-- Opening Marker --

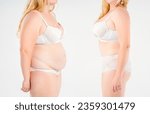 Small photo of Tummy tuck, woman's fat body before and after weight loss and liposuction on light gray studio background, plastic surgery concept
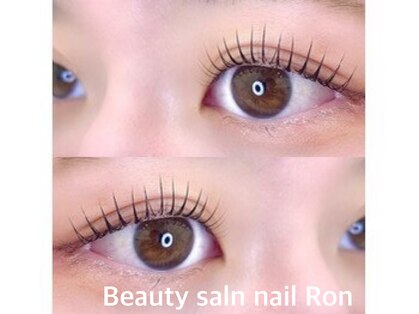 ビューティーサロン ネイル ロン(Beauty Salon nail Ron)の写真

-- Closing Marker --
-- Opening Marker --

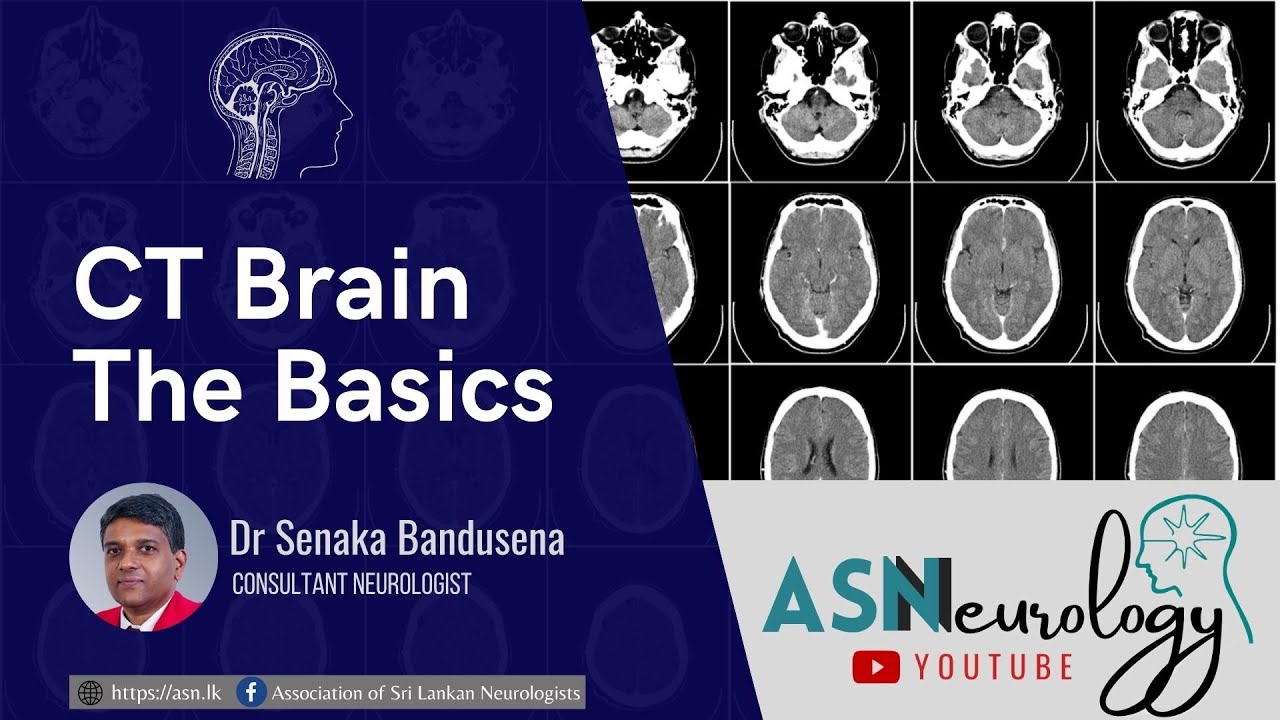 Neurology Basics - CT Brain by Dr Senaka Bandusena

-- Closing Marker --
-- Opening Marker --

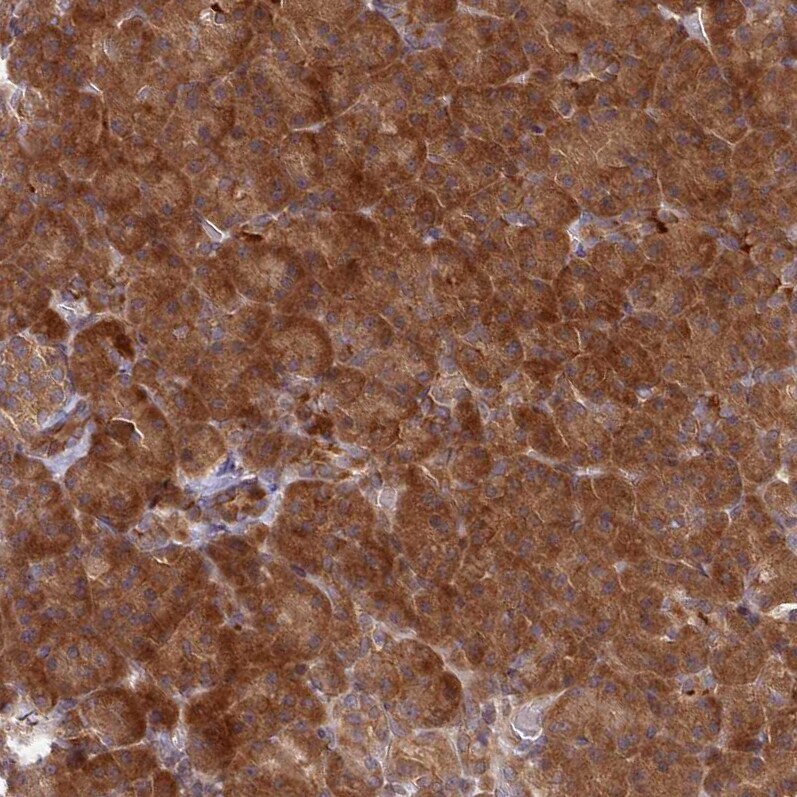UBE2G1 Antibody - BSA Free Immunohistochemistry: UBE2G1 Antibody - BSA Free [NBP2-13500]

-- Closing Marker --

§ **ABOUT THIS EXERCISE**:
For this exercise, please set down exactly the lines of the listing above from the line with "Small photo of" up to and including the line with "ビューティーサロン ネイル ロン(Beauty Salon nail Ron)の写真", and no pictures.

§ **COMPLETED TASK**:
 Small photo of Tummy tuck, woman's fat body before and after weight loss and liposuction on light gray studio background, plastic surgery concept
 ビューティーサロン ネイル ロン(Beauty Salon nail Ron)の写真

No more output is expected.